«Ecco perché non vale la condanna del Genoa»

(...) E in un momento in cui proprio l’uso improprio delle intercettazioni è al centro del dibattito politico, le parole della Cassazione finiscono per assumere un peso ancor più determinante. Il concetto ribadito più volte è quello secondo cui i magistrati non possono usare liberamente dialoghi telefonici o conversazioni «rubate» con microspie, per andare a caccia di qualsiasi reato, passando il materiale raccolto da un’indagine all’altra.
In effetti gli avvocati Maurizio Mascia e Andrea Vernazza che difendono Preziosi avevano in tutte le sedi fatto notare che le intercettazioni erano state disposte per i reati di associazione per delinquere che poi, per stessa ammissione del gip che le aveva autorizzate, erano inesistenti.
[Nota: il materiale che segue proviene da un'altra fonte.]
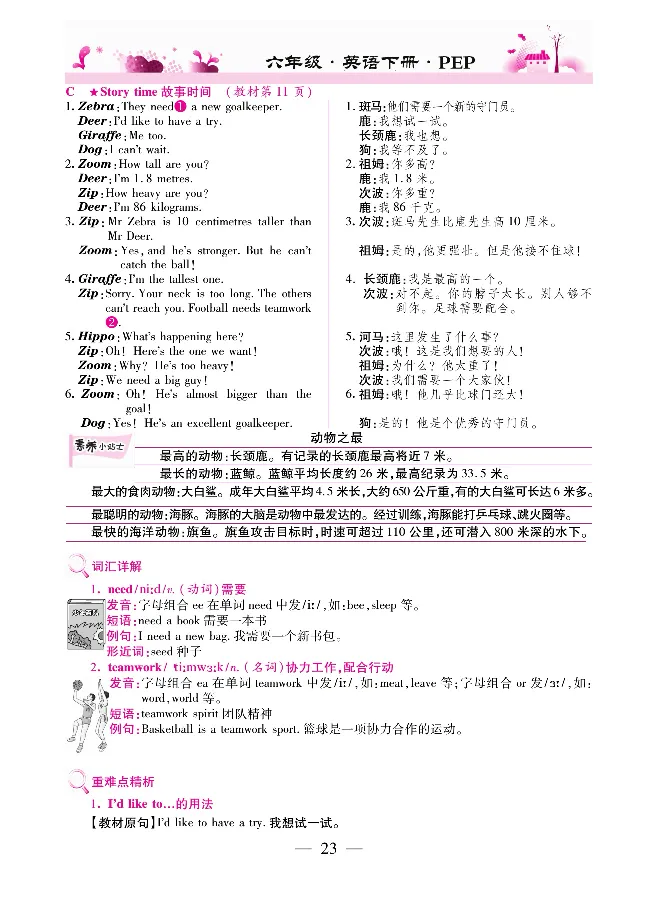 新教材完全解读人教pep英语6年级下_《教材全解》小学1-6年级_《新教材完全解读》_小学英语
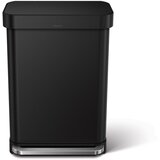 simplehuman Mat črn jeklen koš za smeti s pedalom 55 l – | Shoptok.si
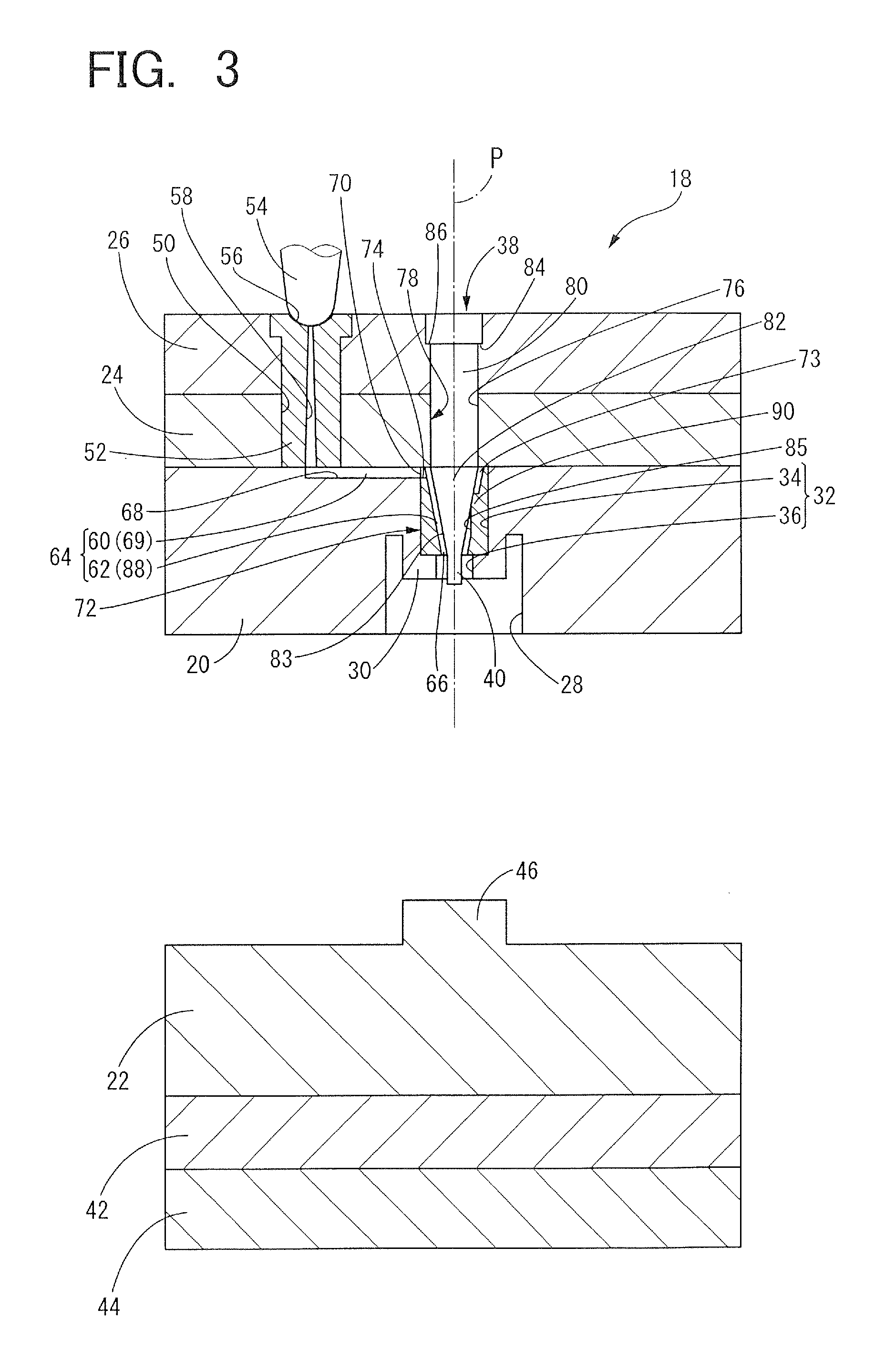 Injection mold and method of producing molded resin article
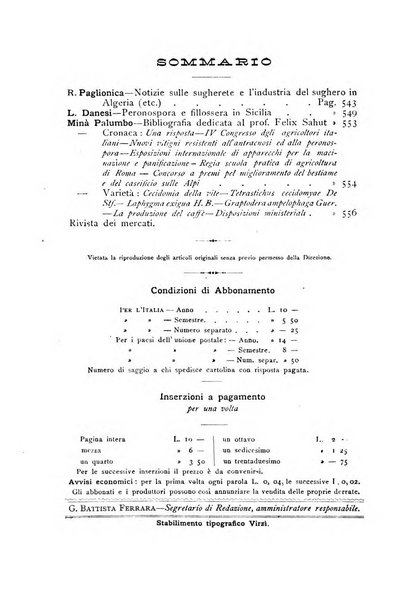 La Sicilia agricola giornale ebdomadario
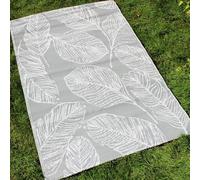 Fusion Tapis d'extérieur Matteo 100% polypropylène Gris 120 x 170 cm
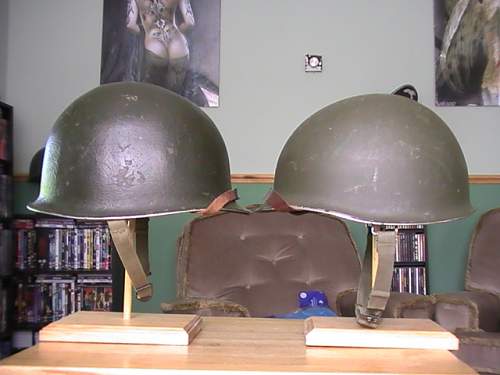 M1 helmet Question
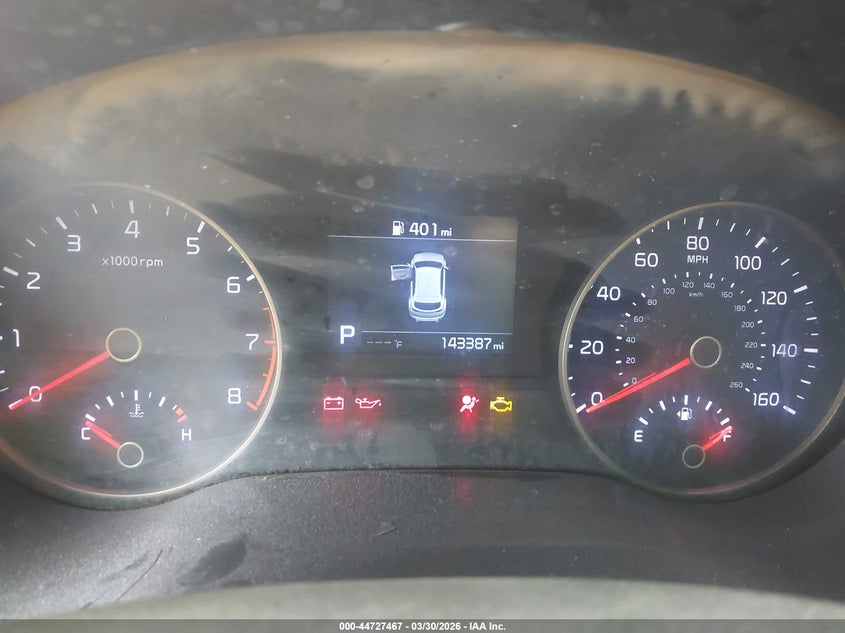 2022 Kia Sportage VIN KNDP6CAC9N7006482 IAAI salvage auction — INTERIOR BURN, Wait Title, sold $2,500 on 2026-07-15 (photo 7)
Ma sia in primo, sia in secondo grado i giudici avevano tirato dritto, citando sentenze della stessa Cassazione, secondo cui il diritto alla privacy sancito dalla Costituzione poteva essere superato di fronte a qualsiasi reato. E qui arriva la «lezione» della Cassazione. «Se il legislatore ha ritenuto che l’inviolabilità della segretezza e della libertà delle comunicazioni debba incontrare un limite nell’esigenza di reprimere la commissione di reati di particolare gravità - scrive la Corte - è evidente che tale limite non può essere modificato mediante la utilizzazione in sede processuale delle risultanze di intercettazioni al fine di accertare reati per i quali tale mezzo di indagine non è consentito, anche se originariamente disposto per l’accertamento di una diversa fattispecie criminosa, rivelatasi inesistente». La legge è chiara e i magistrati non possono interpretarla.
Anche perché, e qui sta l’altro passaggio forte della sentenza che va oltre il caso-Genoa, le intercettazioni non possono essere usate per mettere alla berlina gli intercettati. Prima di usarle in un processo occorre pensarci bene perché, scrive la Cassazione «va anche osservato che proprio attraverso l’utilizzazione processuale, il contenuto delle conversazioni telefoniche o ambientali diviene, o dovrebbe divenire, di pubblico dominio». Già «dovrebbe», perché in realtà ormai quando si arriva a processo le intercettazioni sono già note a tutti. Quindi le intercettazioni di Genoa-Venezia dovevano essere inutilizzabili fin dall’inizio. Prima ancora di essere mandate alla procura federale. E questo lo stabilisce chiaramente la legge che nel caso è stata scavalcata. La stessa Cassazione, nella sentenza con cui accoglie il ricorso di Mascia e Vernazza, spiega chiaramente che non serve neppure considerare le altre eccezioni sollevate dagli avvocati, perché alla base di tutto ci stanno le intercettazioni che non potevano essere usate: «L’accoglimento del secondo mezzo di annullamento (le intercettazioni appunto, ndr) si palesa assorbente delle ulteriori eccezioni di nullità e dei successivi mezzi di annullamento sul punto della responsabilità penale degli imputati». I giudici dovranno rifare tutto daccapo e se vogliono dimostrare la colpevolezza di Preziosi, dovranno farlo «alla luce delle risultanze processuali diverse da quelle dichiarate inutilizzabili».

Persino i 250mila euro sequestrati, scrive la Cassazione, vengono dopo. I due processi, sportivo e penale, senza intercettazioni probabilmente non ci sarebbero neppure stati. Cosa è costato l’errore dei magistrati è noto a tutti.